··· Extracted data ···

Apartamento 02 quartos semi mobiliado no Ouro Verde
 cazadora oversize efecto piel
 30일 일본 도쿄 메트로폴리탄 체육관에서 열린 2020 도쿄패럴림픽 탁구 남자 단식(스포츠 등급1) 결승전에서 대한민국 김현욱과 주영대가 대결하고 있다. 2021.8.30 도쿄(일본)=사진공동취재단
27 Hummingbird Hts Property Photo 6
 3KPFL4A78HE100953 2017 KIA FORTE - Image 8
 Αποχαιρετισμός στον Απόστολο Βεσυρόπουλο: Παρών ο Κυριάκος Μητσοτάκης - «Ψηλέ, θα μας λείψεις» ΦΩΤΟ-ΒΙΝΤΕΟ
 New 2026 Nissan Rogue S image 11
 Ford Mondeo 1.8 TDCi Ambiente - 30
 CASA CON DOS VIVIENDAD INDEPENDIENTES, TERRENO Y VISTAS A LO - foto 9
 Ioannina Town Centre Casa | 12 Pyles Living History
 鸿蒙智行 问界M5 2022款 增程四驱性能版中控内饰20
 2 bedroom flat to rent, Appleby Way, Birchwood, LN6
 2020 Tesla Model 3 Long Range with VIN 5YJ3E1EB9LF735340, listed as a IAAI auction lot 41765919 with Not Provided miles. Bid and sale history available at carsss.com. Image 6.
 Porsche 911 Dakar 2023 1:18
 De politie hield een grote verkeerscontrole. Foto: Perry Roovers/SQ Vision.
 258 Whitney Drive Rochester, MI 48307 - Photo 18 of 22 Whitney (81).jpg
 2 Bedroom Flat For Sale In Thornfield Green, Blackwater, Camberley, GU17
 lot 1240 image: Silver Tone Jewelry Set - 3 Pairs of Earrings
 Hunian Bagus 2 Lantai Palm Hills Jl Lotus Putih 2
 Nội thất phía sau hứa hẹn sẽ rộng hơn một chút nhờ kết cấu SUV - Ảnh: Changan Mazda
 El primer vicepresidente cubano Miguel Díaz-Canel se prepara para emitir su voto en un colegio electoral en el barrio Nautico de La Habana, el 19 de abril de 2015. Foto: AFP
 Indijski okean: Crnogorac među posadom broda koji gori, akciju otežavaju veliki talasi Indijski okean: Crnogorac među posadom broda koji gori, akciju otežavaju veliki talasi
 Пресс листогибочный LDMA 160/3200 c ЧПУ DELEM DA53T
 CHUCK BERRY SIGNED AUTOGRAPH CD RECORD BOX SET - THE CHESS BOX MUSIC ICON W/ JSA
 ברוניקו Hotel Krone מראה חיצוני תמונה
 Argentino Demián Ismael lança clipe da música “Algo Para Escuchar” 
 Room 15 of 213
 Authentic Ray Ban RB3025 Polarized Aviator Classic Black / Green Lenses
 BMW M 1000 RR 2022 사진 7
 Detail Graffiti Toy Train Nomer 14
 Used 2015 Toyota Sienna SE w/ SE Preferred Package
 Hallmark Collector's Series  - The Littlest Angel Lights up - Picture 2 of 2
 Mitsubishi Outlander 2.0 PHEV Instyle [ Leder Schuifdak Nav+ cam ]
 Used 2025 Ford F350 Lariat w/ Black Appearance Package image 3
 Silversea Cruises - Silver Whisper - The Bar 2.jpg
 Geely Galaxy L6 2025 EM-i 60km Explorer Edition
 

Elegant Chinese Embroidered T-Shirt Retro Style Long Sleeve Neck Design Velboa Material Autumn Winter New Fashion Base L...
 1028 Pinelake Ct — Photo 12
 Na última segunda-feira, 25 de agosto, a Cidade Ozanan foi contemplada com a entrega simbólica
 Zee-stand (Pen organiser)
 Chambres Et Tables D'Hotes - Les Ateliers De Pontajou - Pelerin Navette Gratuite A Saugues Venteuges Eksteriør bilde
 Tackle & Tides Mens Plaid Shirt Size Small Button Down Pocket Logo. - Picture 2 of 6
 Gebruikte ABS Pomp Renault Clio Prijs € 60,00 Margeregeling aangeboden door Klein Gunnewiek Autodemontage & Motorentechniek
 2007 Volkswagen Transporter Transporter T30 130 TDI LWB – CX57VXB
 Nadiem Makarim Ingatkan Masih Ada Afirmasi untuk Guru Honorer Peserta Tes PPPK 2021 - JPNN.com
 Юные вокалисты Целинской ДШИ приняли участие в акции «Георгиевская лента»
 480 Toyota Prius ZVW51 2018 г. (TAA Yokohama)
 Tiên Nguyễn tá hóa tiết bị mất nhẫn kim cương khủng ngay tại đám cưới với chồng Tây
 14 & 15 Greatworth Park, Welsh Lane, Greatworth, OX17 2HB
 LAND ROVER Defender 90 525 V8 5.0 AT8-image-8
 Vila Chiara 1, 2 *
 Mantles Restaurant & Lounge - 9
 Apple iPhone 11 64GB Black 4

···

Task requirements —
Extract each line of the material exactly as it stands.

Task response —
Apartamento 02 quartos semi mobiliado no Ouro Verde
 cazadora oversize efecto piel
 30일 일본 도쿄 메트로폴리탄 체육관에서 열린 2020 도쿄패럴림픽 탁구 남자 단식(스포츠 등급1) 결승전에서 대한민국 김현욱과 주영대가 대결하고 있다. 2021.8.30 도쿄(일본)=사진공동취재단
27 Hummingbird Hts Property Photo 6
 3KPFL4A78HE100953 2017 KIA FORTE - Image 8
 Αποχαιρετισμός στον Απόστολο Βεσυρόπουλο: Παρών ο Κυριάκος Μητσοτάκης - «Ψηλέ, θα μας λείψεις» ΦΩΤΟ-ΒΙΝΤΕΟ
 New 2026 Nissan Rogue S image 11
 Ford Mondeo 1.8 TDCi Ambiente - 30
 CASA CON DOS VIVIENDAD INDEPENDIENTES, TERRENO Y VISTAS A LO - foto 9
 Ioannina Town Centre Casa | 12 Pyles Living History
 鸿蒙智行 问界M5 2022款 增程四驱性能版中控内饰20
 2 bedroom flat to rent, Appleby Way, Birchwood, LN6
 2020 Tesla Model 3 Long Range with VIN 5YJ3E1EB9LF735340, listed as a IAAI auction lot 41765919 with Not Provided miles. Bid and sale history available at carsss.com. Image 6.
 Porsche 911 Dakar 2023 1:18
 De politie hield een grote verkeerscontrole. Foto: Perry Roovers/SQ Vision.
 258 Whitney Drive Rochester, MI 48307 - Photo 18 of 22 Whitney (81).jpg
 2 Bedroom Flat For Sale In Thornfield Green, Blackwater, Camberley, GU17
 lot 1240 image: Silver Tone Jewelry Set - 3 Pairs of Earrings
 Hunian Bagus 2 Lantai Palm Hills Jl Lotus Putih 2
 Nội thất phía sau hứa hẹn sẽ rộng hơn một chút nhờ kết cấu SUV - Ảnh: Changan Mazda
 El primer vicepresidente cubano Miguel Díaz-Canel se prepara para emitir su voto en un colegio electoral en el barrio Nautico de La Habana, el 19 de abril de 2015. Foto: AFP
 Indijski okean: Crnogorac među posadom broda koji gori, akciju otežavaju veliki talasi Indijski okean: Crnogorac među posadom broda koji gori, akciju otežavaju veliki talasi
 Пресс листогибочный LDMA 160/3200 c ЧПУ DELEM DA53T
 CHUCK BERRY SIGNED AUTOGRAPH CD RECORD BOX SET - THE CHESS BOX MUSIC ICON W/ JSA
 ברוניקו Hotel Krone מראה חיצוני תמונה
 Argentino Demián Ismael lança clipe da música “Algo Para Escuchar” 
 Room 15 of 213
 Authentic Ray Ban RB3025 Polarized Aviator Classic Black / Green Lenses
 BMW M 1000 RR 2022 사진 7
 Detail Graffiti Toy Train Nomer 14
 Used 2015 Toyota Sienna SE w/ SE Preferred Package
 Hallmark Collector's Series  - The Littlest Angel Lights up - Picture 2 of 2
 Mitsubishi Outlander 2.0 PHEV Instyle [ Leder Schuifdak Nav+ cam ]
 Used 2025 Ford F350 Lariat w/ Black Appearance Package image 3
 Silversea Cruises - Silver Whisper - The Bar 2.jpg
 Geely Galaxy L6 2025 EM-i 60km Explorer Edition
 

Elegant Chinese Embroidered T-Shirt Retro Style Long Sleeve Neck Design Velboa Material Autumn Winter New Fashion Base L...
 1028 Pinelake Ct — Photo 12
 Na última segunda-feira, 25 de agosto, a Cidade Ozanan foi contemplada com a entrega simbólica
 Zee-stand (Pen organiser)
 Chambres Et Tables D'Hotes - Les Ateliers De Pontajou - Pelerin Navette Gratuite A Saugues Venteuges Eksteriør bilde
 Tackle & Tides Mens Plaid Shirt Size Small Button Down Pocket Logo. - Picture 2 of 6
 Gebruikte ABS Pomp Renault Clio Prijs € 60,00 Margeregeling aangeboden door Klein Gunnewiek Autodemontage & Motorentechniek
 2007 Volkswagen Transporter Transporter T30 130 TDI LWB – CX57VXB
 Nadiem Makarim Ingatkan Masih Ada Afirmasi untuk Guru Honorer Peserta Tes PPPK 2021 - JPNN.com
 Юные вокалисты Целинской ДШИ приняли участие в акции «Георгиевская лента»
 480 Toyota Prius ZVW51 2018 г. (TAA Yokohama)
 Tiên Nguyễn tá hóa tiết bị mất nhẫn kim cương khủng ngay tại đám cưới với chồng Tây
 14 & 15 Greatworth Park, Welsh Lane, Greatworth, OX17 2HB
 LAND ROVER Defender 90 525 V8 5.0 AT8-image-8
 Vila Chiara 1, 2 *
 Mantles Restaurant & Lounge - 9
 Apple iPhone 11 64GB Black 4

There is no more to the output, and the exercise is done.